Это туркменская песня. Макаров не понимает слов, но в печальной мелодии ему слышится тоска и боль горячей, но, может быть, непонятой или неразделенной любви.
Он взбегает еще на один бугор и теперь уже ясно видит певца. Это юноша-туркмен. Он сидит на маленьком кудлатом ишачке, его длинные ноги свисают почти до земли.
Юноша одет в серый пиджак и такие же брюки, на голове большая папаха. Черные широкие брови туркмена сурово сдвинуты и образуют одну широкую полосу.
Вот он заметил Макарова и широко улыбнулся.
— Здравствуй, товарищ, — первый произносит он, соскакивая с ишака и протягивая крепкую смуглую руку. — Будем знакомы, пожалуйста, Мамед, местный житель.

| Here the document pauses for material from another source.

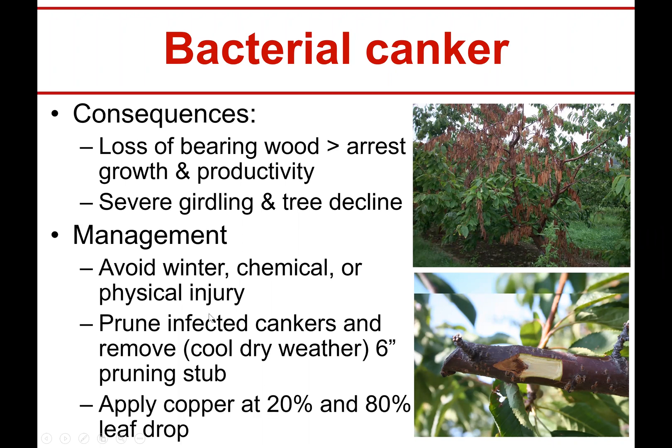The best thing to do is apply copper at 20% and 80% leaf drop. What happens in the fall is the leaves start to fall off the tree, and you might as well assume the bacteria is constantly present. With some rain, as the leaves fall off, that abscission creates negative pressure and will suck the bacteria right into the tissue — into that leaf-drop defoliation scar. If you keep copper on those scars, the bacteria won't be able to multiply and infect at leaf drop.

— Здоро́во, — улыбается ему в ответ Макаров. — А я вот дорогу ищу…
— Какую дорогу? — удивляется Мамед, и брови его настороженно сдвигаются. — Зачем тебе дорога? — снова спрашивает Мамед, не спуская с Макарова глаз.
Макаров торопливо достает из кармана пачку папирос «Строим».
— Куришь? — протягивает он пачку.
— Зачем? — брезгливо морщится тот. — Черным дымом дышать? Нехорошо.
— Конечно, нехорошо, — соглашается Макаров, с любопытством поглядывая на юношу. — Меня сюда дорогу строить прислали. Прорабом назначили. А сам я из Украины, из Полтавы. Может, слышал?
1
Такир — ровная глинистая площадка в пустыне.